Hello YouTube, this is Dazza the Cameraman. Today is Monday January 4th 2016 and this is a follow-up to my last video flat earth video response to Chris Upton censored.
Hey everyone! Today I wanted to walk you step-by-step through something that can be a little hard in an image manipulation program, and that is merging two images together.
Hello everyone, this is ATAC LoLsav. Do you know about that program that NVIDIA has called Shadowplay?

· · ·

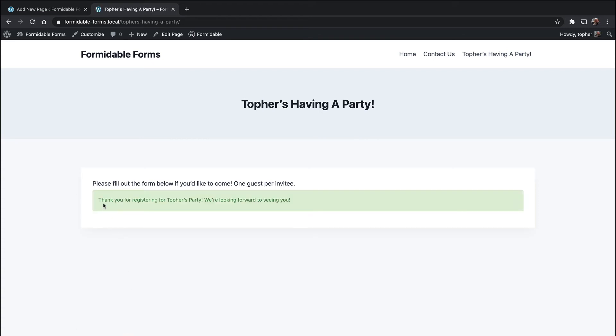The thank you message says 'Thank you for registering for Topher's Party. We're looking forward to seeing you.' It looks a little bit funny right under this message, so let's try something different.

· · ·

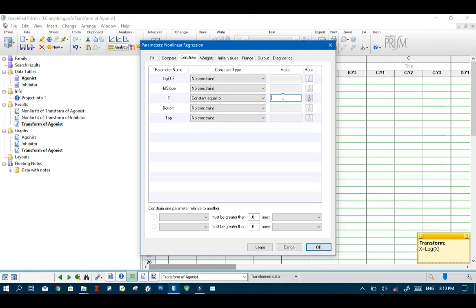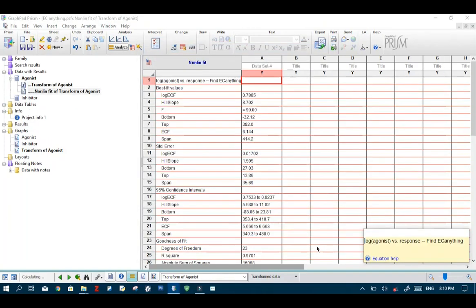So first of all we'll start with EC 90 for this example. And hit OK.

· · ·

- Task statement:
Where the line holding "Hello YouTube, this" appears in the listing above, start reproducing exactly, and end with the line holding "Hello everyone, this".

- Written response:
Hello YouTube, this is Dazza the Cameraman. Today is Monday January 4th 2016 and this is a follow-up to my last video flat earth video response to Chris Upton censored.
Hey everyone! Today I wanted to walk you step-by-step through something that can be a little hard in an image manipulation program, and that is merging two images together.
Hello everyone, this is ATAC LoLsav. Do you know about that program that NVIDIA has called Shadowplay?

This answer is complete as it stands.